08:00 a.m – Traditional Breakfast and Specialty Coffee
You can’t leave Panama City without trying a traditional breakfast. Now is not the time to worry about calories, considering that breakfast consists of fried variants of corn, pork, and yucca, among other treats. One of the most popular spots is El Trapiche on Vía Argentina in the El Cangrejo neighborhood, which features broad sidewalks perfect for strolling and pedestrian-friendly parks. After breakfasting on buñuelitos (fritters), chicharrón (pork cracklings), and hojaldre (fried dough), walking a few yards to the right will take you to a delicious Geisha coffee at Mentiritas Blancas. Buy a chocolate chip cookie for the road; you’ll thank me later.

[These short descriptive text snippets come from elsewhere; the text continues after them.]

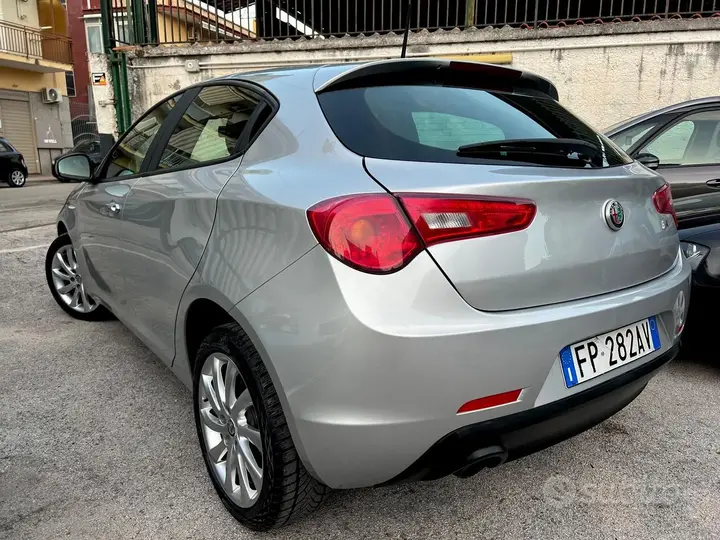 Alfa Romeo Giulietta 2018 photo 5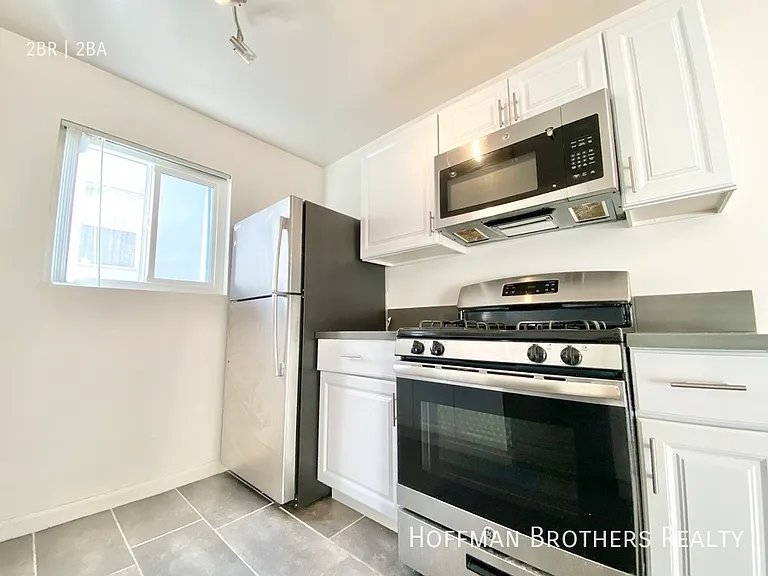 1808 N Harvard Blvd #10 — Photo 4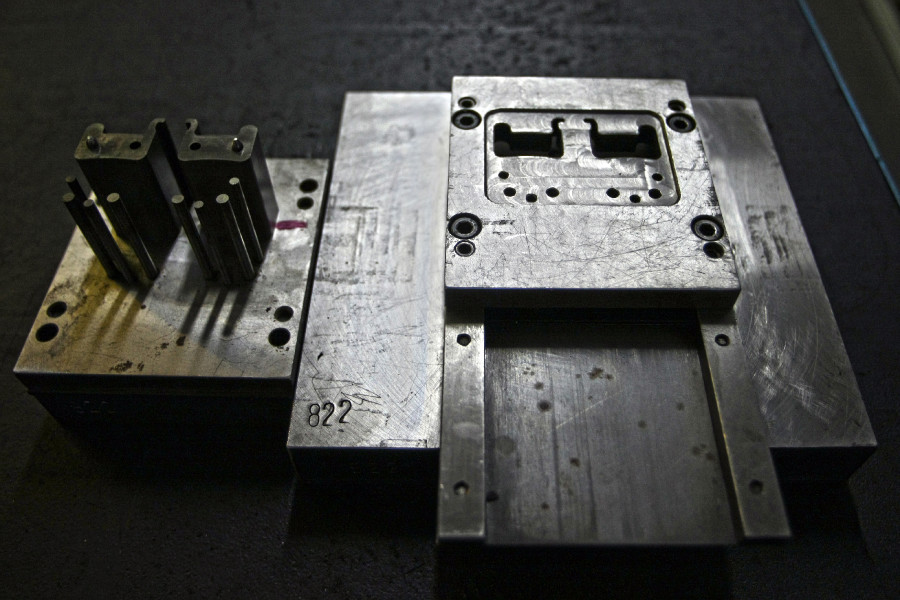 Na návštěvě v Goldfren - lisovací matrice pro výrobu kovových částí destiček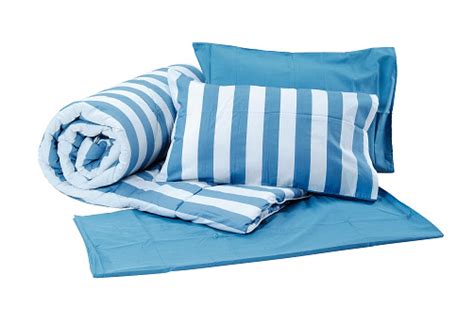 bantal dan selimut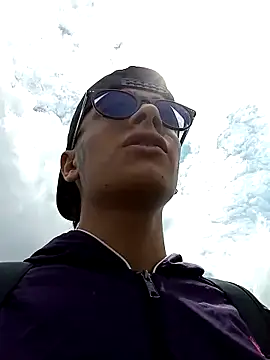 Snapshot of Cuervo_maniaco chatting on 12/10/24, 05:00 Cuervo maniaco online show from 12/10/24, 05:00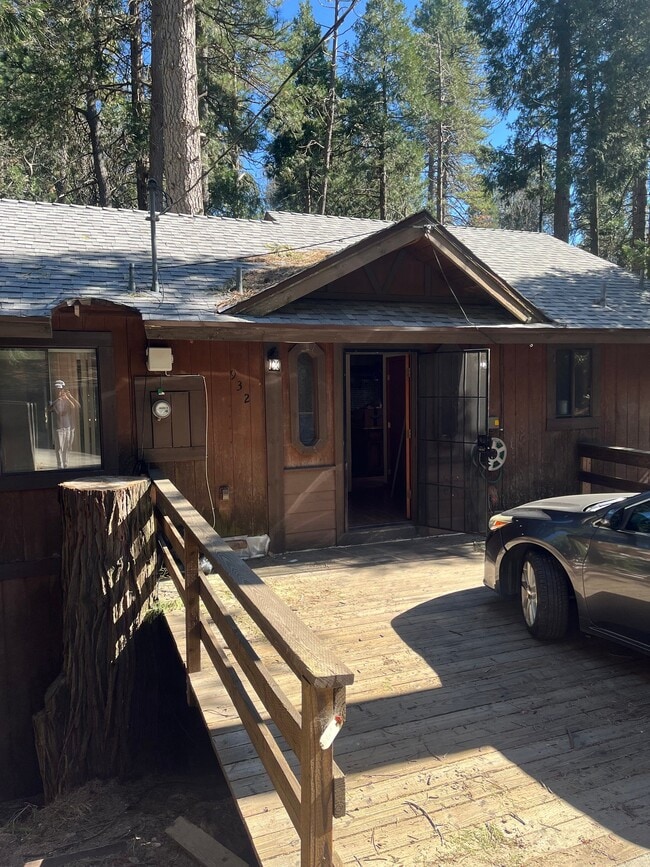 Building Photo - 932 Berne Dr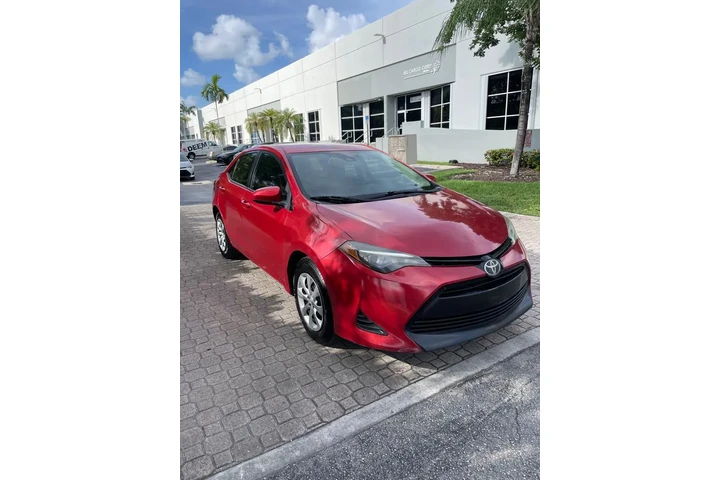 $8900 : Toyota Corolla 2017 image 7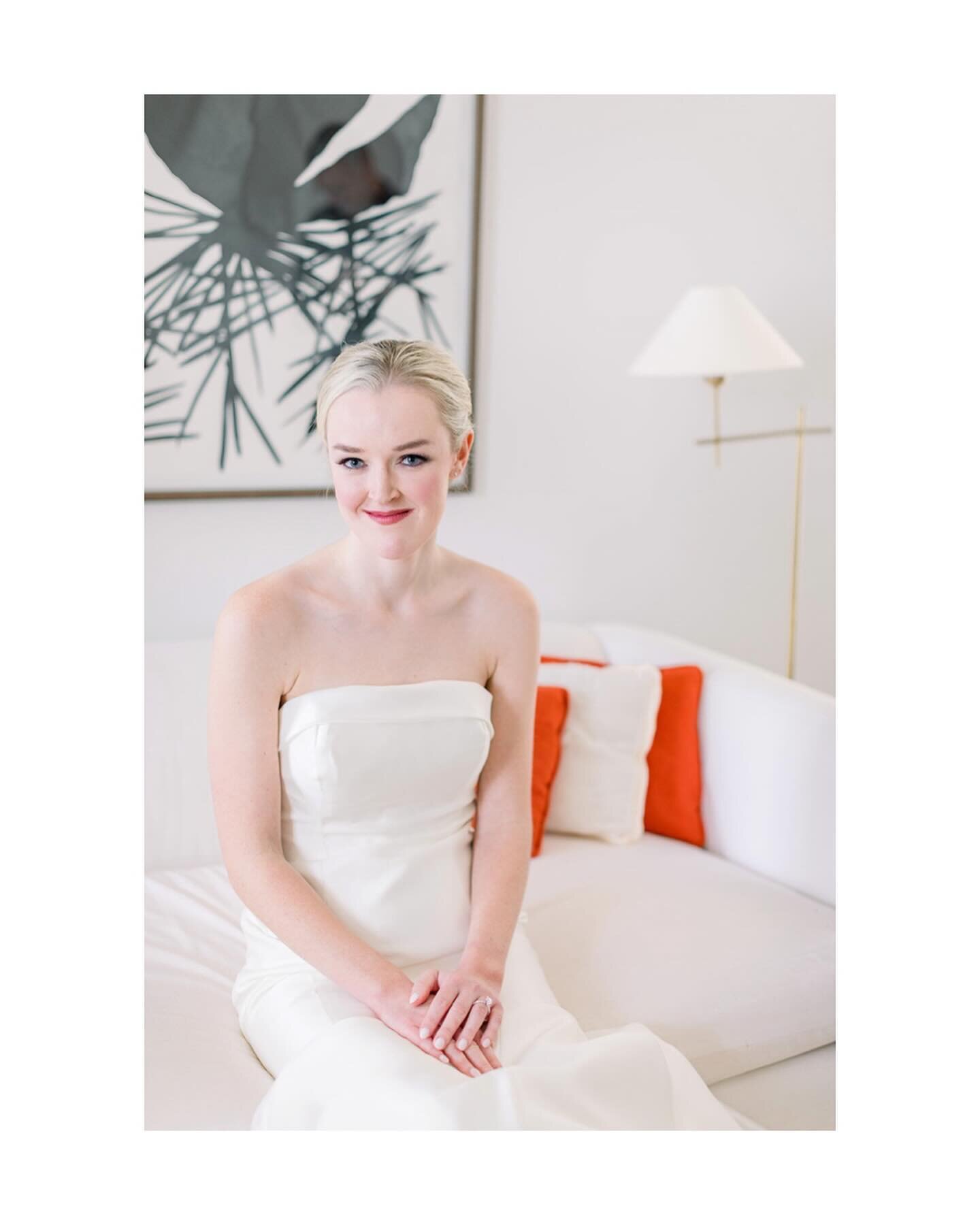 Getting ready with effervescent, gorgeous Liv before her wedding at the Common House in Chattanooga, TN 🌿 This day will be one that remains dear to our hearts for years to come 🤍 Swipe to the end for the best moment of all, Liv with her sister-in-l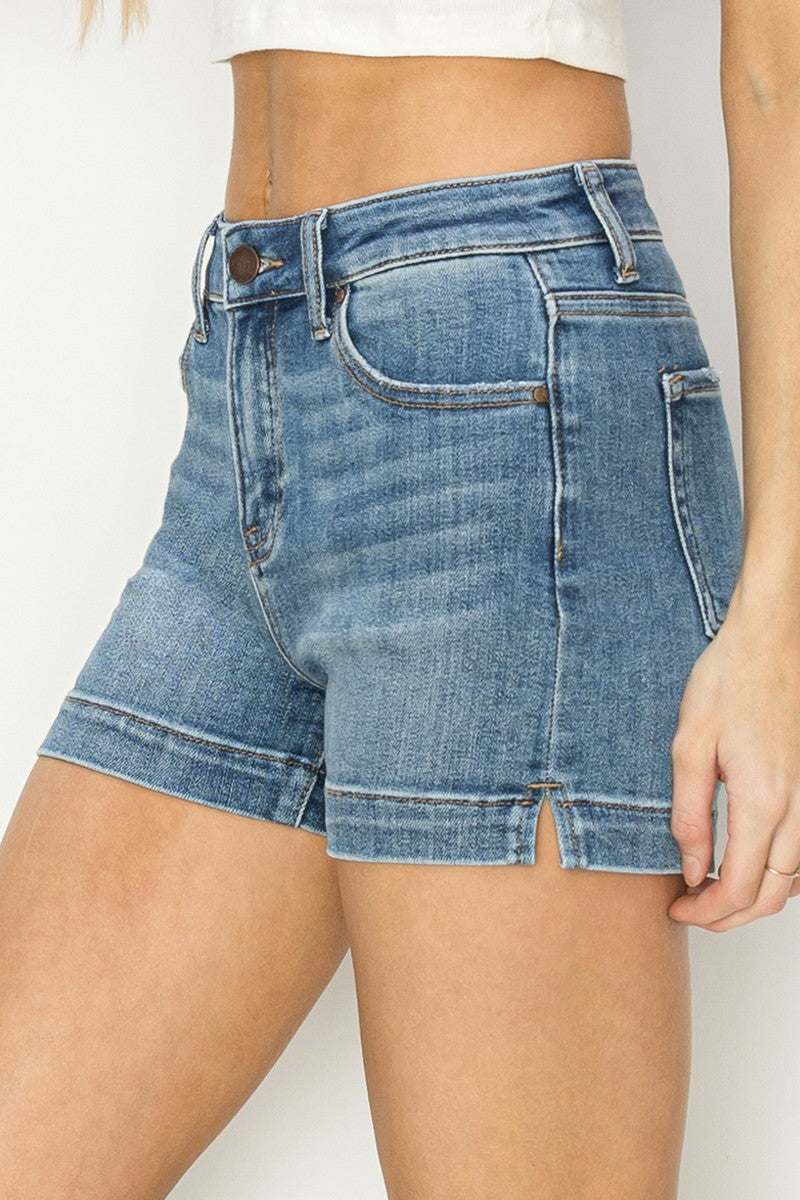 High Rise Side Slit Basic Risen Shorts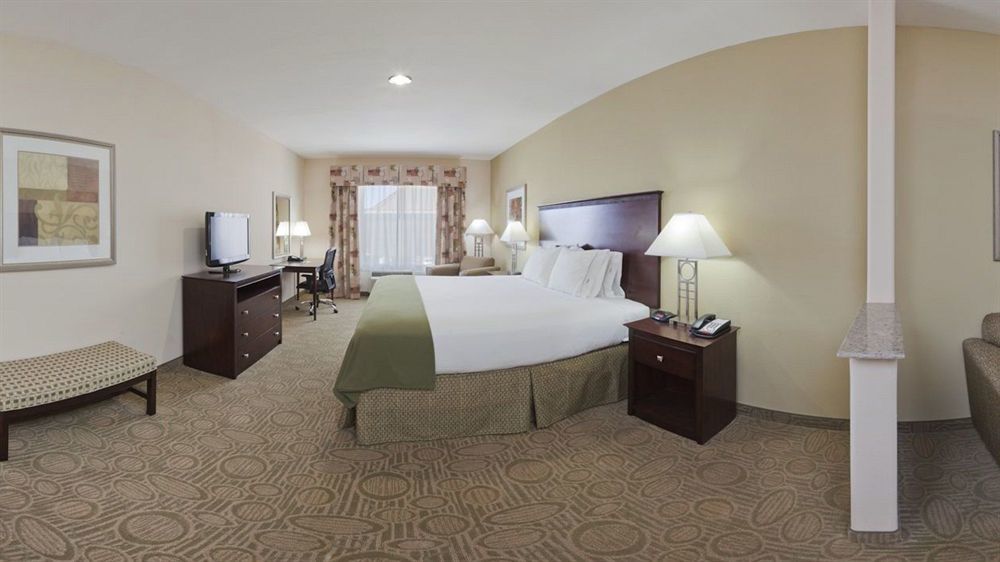 Holiday Inn Express & Suites Brownfield Exterior foto
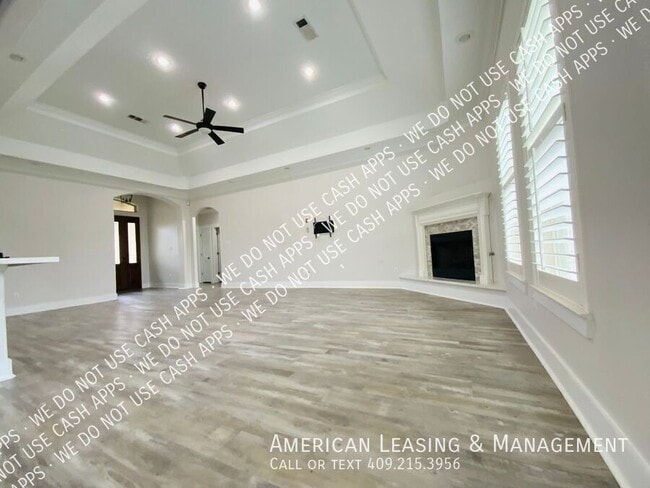 Building Photo - 8315 Lake Placid Dr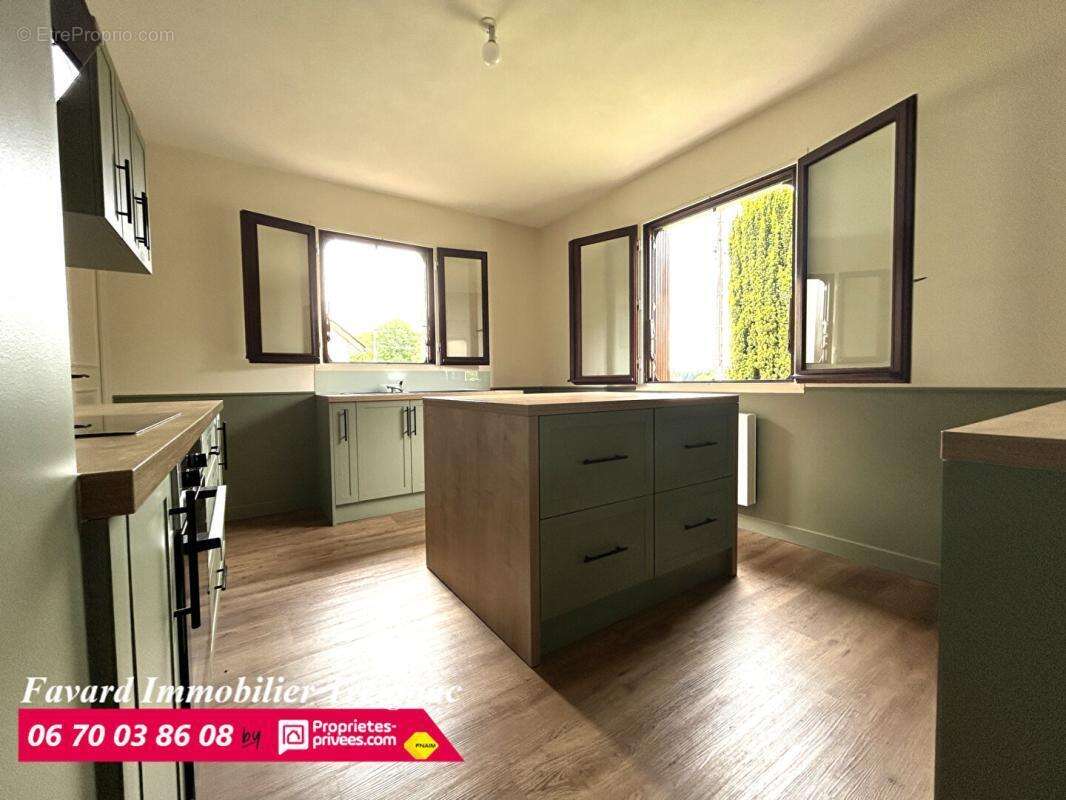 Maison  120 m²  3 chambres - garage  et  jardin plat  850 m² 19 260 TREIGNAC - photo 7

11:00 a.m – Ride Down the Amador Causeway
Rent a bicycle and revel in the sea breeze as you roll down the spectacular Amador Causeway. Whether it’s for exercise or a pleasant ride, biking is a favorite activity for residents and visitors alike. One side of the Causeway offers a look at the Panama Canal entrance and a stunning view of the Bridge of the Americas, while the other side presents a panorama of Panama Bay fringed with skyscrapers.
01:00 p.m. – Amador and the Museum of Colors
The Biomuseum is the perfect convergence of science and art. This museum about the natural history of Panama is a striking example of architectural design as conceived by renowned architect Frank Gehry. Its eight permanent galleries introduce the natural heritage of Panama. Galleries that project Panama’s amazing ecosystems will immerse you in the country’s biodiversity and you’ll learn about the science behind the emergence of the Isthmus.
03:00 p.m. – Panama Canal
You’ve learned about the history of the Panama Canal in the abstract, now get a first-hand look at the reality. The Visitor Center at the Miraflores Locks is a 25-minute drive from the Vía Argentina area. The Center has an open terrace at ground level and bleachers on the next level that provide a view of Canal operations and the passage of ships through the locks.
06:00 p.m. – The City’s Modern Bars
Panama City is a worthy cocktail destination. You’ve already seen several suggestions that tend toward the relaxed and bohemian, so now it’s time for the modern, trend-setting ambience of places like Mangle on Calle Uruguay, Amano in San Francisco, and Salvaje in Costa del Este. These venues fulfill the demand for bars with fashionable interior design that nonetheless respects the owners’ authenticity; the walls of Mangle are hung with 1990s memorabilia that will take you back in time.
09:00 p.m. – A Grand Finale Dinner
We can’t leave without recommending the sixth best restaurant in Latin America, according to Latin America’s 50 Best Restaurants list. Maito serves Panamanian flavors in a fine-dining atmosphere, using the best ingredients our country has to offer, enhanced by the creativity of chef Mario Castrellón. Front and center is the concept of Chombasia, a fusion of Afro-Antillean and Asian flavors that pays homage to the melting pot that is Panama. The best of our cuisine ends your visit to Panama on a high note.